▶ PROBLEM STATEMENT: Go through the records and report each line in which the word "from" occurs.

Start of Block

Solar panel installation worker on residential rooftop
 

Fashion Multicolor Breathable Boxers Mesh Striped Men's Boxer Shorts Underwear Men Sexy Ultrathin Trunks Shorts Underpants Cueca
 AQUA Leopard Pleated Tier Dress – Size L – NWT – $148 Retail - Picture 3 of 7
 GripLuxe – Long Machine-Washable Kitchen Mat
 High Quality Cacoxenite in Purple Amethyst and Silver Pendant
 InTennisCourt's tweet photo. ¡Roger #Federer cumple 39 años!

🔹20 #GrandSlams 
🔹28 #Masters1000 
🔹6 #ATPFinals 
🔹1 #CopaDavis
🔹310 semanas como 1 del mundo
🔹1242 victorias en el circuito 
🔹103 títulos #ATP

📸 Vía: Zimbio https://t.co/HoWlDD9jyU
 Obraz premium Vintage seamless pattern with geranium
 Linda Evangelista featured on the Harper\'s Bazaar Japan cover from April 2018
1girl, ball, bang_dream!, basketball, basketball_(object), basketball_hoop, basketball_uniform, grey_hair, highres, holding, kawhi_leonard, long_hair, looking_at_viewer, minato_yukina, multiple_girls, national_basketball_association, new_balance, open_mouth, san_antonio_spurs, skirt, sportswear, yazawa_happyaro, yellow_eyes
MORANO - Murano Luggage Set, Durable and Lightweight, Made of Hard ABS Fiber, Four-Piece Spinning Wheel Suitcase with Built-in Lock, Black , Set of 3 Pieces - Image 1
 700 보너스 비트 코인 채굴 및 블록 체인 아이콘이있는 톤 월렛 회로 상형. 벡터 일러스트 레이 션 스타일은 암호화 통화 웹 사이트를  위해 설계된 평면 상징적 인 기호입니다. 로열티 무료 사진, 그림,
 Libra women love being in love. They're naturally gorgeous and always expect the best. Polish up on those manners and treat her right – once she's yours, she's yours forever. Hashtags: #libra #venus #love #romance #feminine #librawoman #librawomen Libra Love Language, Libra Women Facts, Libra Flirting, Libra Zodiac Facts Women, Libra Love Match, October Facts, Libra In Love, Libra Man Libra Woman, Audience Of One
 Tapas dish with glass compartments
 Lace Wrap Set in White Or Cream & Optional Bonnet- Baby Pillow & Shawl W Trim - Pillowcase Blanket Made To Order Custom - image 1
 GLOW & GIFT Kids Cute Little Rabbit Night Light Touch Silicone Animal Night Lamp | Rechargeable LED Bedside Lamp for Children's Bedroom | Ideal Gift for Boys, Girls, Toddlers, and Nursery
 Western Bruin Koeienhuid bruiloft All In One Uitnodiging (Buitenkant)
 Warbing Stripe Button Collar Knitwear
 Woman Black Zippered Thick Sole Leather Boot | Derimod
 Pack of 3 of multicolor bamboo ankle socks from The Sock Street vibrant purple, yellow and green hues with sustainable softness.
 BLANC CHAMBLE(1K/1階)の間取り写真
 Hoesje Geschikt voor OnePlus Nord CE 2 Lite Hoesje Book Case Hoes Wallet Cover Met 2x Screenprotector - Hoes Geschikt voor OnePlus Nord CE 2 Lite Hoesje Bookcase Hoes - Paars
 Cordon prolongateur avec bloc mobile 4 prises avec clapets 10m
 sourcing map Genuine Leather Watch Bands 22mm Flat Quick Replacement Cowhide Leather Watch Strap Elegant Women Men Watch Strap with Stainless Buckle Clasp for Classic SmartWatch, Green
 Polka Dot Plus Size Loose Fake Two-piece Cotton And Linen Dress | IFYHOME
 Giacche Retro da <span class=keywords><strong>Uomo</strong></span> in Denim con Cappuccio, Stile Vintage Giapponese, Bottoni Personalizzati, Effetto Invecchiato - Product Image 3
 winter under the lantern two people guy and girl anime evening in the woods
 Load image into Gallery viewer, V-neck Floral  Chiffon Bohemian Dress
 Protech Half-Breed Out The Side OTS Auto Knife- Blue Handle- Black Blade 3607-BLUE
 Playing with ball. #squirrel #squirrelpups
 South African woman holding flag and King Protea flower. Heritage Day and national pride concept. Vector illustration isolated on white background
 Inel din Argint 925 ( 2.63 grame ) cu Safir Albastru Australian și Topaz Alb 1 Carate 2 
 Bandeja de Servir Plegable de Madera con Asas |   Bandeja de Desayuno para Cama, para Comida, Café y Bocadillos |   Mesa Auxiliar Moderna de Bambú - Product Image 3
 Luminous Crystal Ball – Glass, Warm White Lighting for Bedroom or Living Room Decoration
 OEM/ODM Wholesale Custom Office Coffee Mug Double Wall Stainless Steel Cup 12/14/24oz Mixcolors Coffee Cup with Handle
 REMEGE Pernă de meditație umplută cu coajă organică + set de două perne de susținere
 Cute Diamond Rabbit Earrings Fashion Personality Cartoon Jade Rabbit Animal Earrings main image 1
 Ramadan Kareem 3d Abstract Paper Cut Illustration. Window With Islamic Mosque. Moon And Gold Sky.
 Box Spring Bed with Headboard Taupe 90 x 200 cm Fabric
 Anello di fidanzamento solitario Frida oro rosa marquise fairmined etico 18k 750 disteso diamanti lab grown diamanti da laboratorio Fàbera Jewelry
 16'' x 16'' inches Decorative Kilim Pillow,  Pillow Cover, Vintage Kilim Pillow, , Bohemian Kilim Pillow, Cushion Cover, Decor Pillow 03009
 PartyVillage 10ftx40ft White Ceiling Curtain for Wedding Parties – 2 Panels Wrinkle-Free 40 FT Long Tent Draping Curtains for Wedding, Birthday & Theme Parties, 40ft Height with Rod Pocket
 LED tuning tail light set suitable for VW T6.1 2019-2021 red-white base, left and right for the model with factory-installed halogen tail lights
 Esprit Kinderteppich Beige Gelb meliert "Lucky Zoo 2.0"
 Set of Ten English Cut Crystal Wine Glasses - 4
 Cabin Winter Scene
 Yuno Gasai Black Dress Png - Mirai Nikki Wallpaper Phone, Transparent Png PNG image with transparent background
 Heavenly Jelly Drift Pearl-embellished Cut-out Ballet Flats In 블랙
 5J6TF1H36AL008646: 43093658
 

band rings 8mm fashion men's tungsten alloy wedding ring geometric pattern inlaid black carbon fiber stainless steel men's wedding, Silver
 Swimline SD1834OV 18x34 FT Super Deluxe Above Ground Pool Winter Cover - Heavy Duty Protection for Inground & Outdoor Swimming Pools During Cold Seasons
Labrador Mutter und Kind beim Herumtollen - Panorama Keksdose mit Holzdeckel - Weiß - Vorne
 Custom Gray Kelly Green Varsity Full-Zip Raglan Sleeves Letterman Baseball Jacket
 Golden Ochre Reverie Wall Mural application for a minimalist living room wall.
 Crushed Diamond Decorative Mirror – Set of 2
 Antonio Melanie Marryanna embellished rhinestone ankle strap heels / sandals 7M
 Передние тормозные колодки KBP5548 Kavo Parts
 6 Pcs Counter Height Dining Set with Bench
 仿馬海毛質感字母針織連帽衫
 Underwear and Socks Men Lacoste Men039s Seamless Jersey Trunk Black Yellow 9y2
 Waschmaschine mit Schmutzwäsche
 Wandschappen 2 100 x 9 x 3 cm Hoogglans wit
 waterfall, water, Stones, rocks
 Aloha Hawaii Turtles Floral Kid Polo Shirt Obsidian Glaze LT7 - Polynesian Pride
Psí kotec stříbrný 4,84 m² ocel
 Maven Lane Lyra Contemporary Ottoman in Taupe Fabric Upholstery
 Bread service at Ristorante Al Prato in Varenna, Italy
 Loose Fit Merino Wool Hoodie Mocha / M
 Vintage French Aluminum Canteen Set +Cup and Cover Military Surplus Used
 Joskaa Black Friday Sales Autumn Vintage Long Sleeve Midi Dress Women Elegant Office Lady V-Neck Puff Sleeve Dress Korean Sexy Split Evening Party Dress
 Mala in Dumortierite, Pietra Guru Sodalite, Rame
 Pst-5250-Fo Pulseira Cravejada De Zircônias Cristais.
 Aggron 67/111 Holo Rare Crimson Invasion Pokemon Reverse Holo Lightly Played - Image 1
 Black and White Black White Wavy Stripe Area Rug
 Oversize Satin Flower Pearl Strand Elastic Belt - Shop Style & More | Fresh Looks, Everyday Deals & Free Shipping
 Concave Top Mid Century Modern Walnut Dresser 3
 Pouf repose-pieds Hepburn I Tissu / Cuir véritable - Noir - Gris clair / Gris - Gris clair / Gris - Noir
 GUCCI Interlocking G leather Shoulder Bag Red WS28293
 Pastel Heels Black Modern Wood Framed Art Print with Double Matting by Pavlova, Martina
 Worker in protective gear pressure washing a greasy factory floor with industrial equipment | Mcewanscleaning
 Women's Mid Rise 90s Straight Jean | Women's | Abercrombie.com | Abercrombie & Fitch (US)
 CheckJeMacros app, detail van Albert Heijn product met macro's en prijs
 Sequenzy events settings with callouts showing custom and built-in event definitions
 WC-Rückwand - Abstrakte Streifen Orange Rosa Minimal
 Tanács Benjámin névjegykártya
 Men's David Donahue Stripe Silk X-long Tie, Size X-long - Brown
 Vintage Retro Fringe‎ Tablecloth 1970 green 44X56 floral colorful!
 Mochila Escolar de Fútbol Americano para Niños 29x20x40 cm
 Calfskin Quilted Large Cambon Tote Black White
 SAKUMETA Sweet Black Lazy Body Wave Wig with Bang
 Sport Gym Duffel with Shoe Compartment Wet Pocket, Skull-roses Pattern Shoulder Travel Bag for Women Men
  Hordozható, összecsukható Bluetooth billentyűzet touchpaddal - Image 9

End of Block

▶ ANSWER BOX:
 Linda Evangelista featured on the Harper\'s Bazaar Japan cover from April 2018
 Pack of 3 of multicolor bamboo ankle socks from The Sock Street vibrant purple, yellow and green hues with sustainable softness.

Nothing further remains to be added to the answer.